Kupala, by Kaska Gazdowna and Kaska Klas

A forest is almost always shrouded in mystery. It's dark, dangerous and mysterious. Even more so now that most of us live in cities, far removed from the natural world. The sheer volume of sounds and animal activity roaming in the woods at night seems supernatural.

Kupala tells the tale of a young boy who falls in love with a mysterious girl in the woods during Kupala, a summer solstice event in which the supernatural interacts with the world of the living. While the boy receives fair warning from his grandmother, he doesn't heed those warnings and returns every year to this mysterious woman until tragedy strikes. 

What struck me about this comic was how light the tone was considering the horror and violence with which the book ends. There was a sort of casualness to it all. The world is cruel and violent. Things in the woods will attack you. They'll eat your kayak. It's just the way the world is. Life is miserably bleak. It isn't just the distant past, but our present is just as bad. We may lie to ourselves and pretend there's light in this world, but it's delusional. In Kupala, love is dangerous. It brings with it a false hope that things will get better; that someone cares for us and wants us to be happy. This comic is a stark reminder that happiness is a construct yielding few good outcomes. The protagonist of Kupala will not have a happy ending and neither will any of us. We're all doomed. 

I really liked the art. It's pacing and layout was extremely competent. I liked how the artist used primarily black and white and a layer of black dots on white to create a gray colour. This mesh layer is expertly woven throughout to create depth, light and textures. For such a dark comic, the use of white made it seem quite bright. It doesn't play with colour as much as Violaine Briat's Neebo, but it is a solid comic. It does share with other comics in the box a sort of bleak view of the world, a dark vision of the world. I really enjoyed this comic.

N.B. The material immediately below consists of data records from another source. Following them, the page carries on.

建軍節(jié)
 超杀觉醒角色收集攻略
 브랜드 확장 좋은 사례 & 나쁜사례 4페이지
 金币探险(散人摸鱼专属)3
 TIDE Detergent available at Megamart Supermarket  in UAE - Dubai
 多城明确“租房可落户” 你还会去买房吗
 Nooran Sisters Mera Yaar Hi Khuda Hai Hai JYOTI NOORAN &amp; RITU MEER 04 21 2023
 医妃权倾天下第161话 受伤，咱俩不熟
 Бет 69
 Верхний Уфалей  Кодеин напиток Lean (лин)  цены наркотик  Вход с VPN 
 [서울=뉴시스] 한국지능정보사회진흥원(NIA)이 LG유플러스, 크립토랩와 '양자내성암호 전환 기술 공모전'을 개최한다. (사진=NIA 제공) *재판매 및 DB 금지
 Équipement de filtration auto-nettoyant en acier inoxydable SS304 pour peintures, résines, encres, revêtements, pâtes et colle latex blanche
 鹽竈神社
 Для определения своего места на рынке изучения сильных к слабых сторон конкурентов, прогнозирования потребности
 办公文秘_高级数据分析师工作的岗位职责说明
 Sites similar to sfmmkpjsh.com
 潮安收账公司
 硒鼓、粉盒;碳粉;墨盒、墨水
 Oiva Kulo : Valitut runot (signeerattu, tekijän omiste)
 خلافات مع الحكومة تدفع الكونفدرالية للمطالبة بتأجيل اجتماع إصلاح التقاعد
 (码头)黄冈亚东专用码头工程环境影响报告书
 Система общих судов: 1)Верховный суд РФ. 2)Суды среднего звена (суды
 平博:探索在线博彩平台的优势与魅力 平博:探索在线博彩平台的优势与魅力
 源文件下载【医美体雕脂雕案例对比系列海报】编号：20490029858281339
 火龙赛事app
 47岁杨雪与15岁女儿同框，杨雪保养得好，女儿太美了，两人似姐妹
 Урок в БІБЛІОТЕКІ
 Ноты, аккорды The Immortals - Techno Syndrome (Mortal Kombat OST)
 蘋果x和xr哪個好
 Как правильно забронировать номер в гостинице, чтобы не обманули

The REST, by Michael Deforge, Seo Kim, Ryan Cecil Smith & Zainab Akhtar

The latest batch of retrofit had a few extras, a print from Michael Deforge with his signature style. It reminded me of some stuff he’d done for his Ottawa art show exhibit “Dogs”. It looks great. There’s a sheet of bunnies and cats stickers from Seo Kim. I could care less about stickers, but I’m sure my son will make good use of it. Either in a few years when he can play with them, or maybe I’ll randomly use them to seal birthday card envelopes. Regardless, it’s always nice to see her art. I’ve been meaning to read Cat Person for a while, and this was a good reminder to look it up. My favorite concept of the box is possibly the contributors credit sheet. Designed by Ryan Cecil Smith, it’s a nice introduction to the artists showcased in the box. I thought it was a really neat idea. These comics are not made in a vacuum, they’re made by artists, people you may want to look into if you like their work. There’s also candies, which was sweet. I half expected some soft drink, the aforementioned cola, but I doubt a can of soft drink would travel well with paper. 

In conclusion

In conclusion, Shortbox was nothing short of phenomenal. I hope the trial run went well. It apparently sold out in an hour. I’m one of the lucky few who were able to get one out of pure luck given the time difference between the UK and Canada (my newborn son was awake and not falling asleep at the time and I just stumbled onto the open ordering time). I would encourage anyone who is even remotely interested in alternative comics to look into Shortbox. It probably was pricier than I expected, but I appreciated it nonetheless. I liked almost every single comic in the box, but it’s about more than the content, it’s also about the care and attention given to it. From the box itself to the colorful tape, to the candy in the box, and how the comics were wrapped. There’s all these little thing I didn’t focus on that really makes you understand the passion for comics that Zainab Akhtar has and she wants you to love the stuff in the box as much as she did. I’m looking forward to seeing what will be in the next box and, maybe I’ll be lucky enough to get one. Pre-ordering for box #2 starts Monday July 18th 2016.